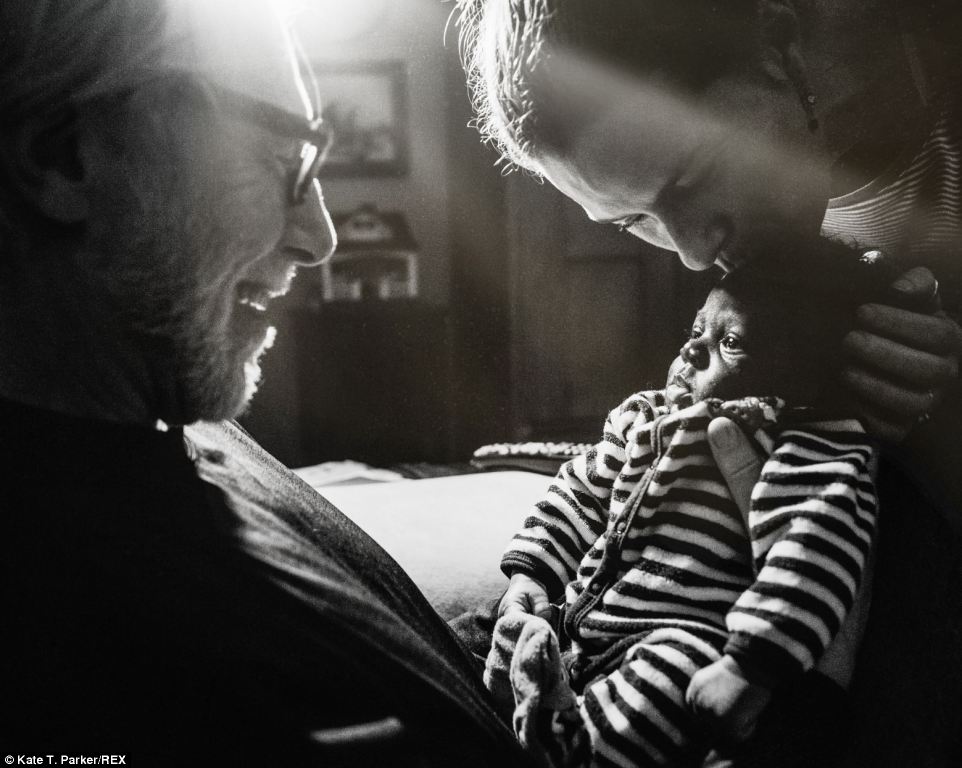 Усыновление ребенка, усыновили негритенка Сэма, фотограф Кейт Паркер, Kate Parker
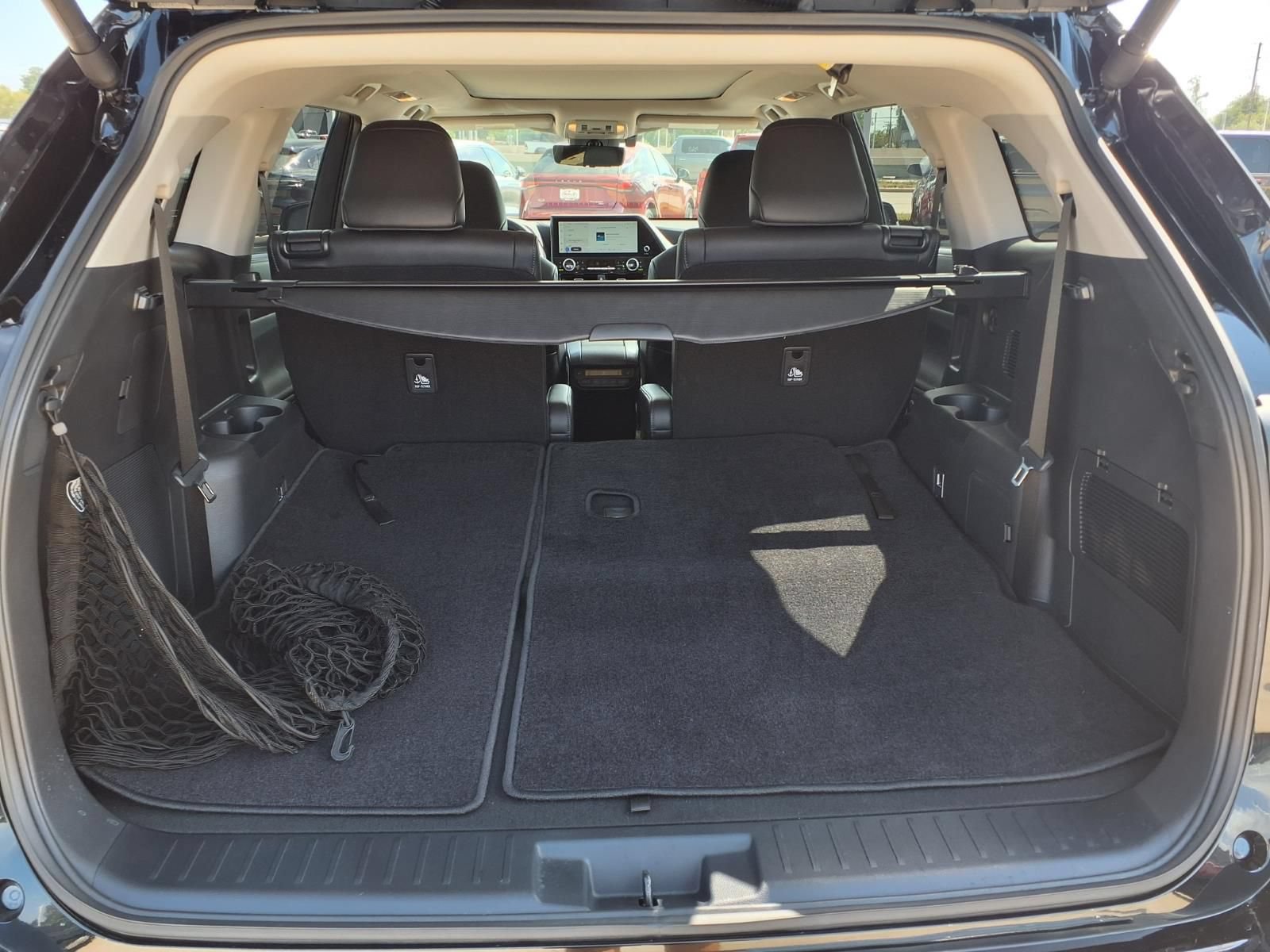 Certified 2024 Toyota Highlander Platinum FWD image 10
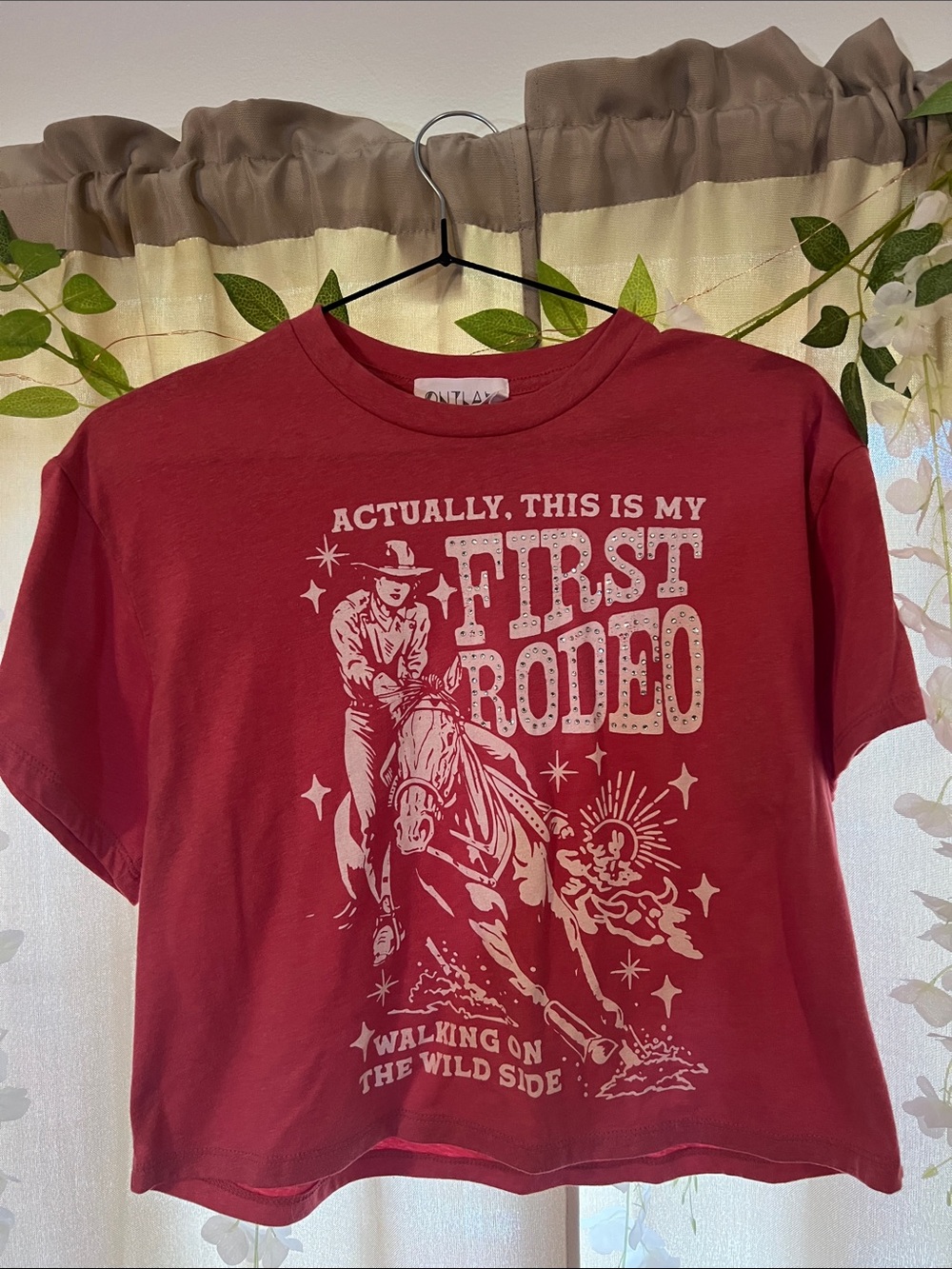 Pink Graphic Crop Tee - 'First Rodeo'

**WHAT IS NEEDED**
A faithful, word-for-word copy of the data is needed; the pictures should not appear in it.

**EXPECTED ANSWER**
 Усыновление ребенка, усыновили негритенка Сэма, фотограф Кейт Паркер, Kate Parker
 Certified 2024 Toyota Highlander Platinum FWD image 10
 Pink Graphic Crop Tee - 'First Rodeo'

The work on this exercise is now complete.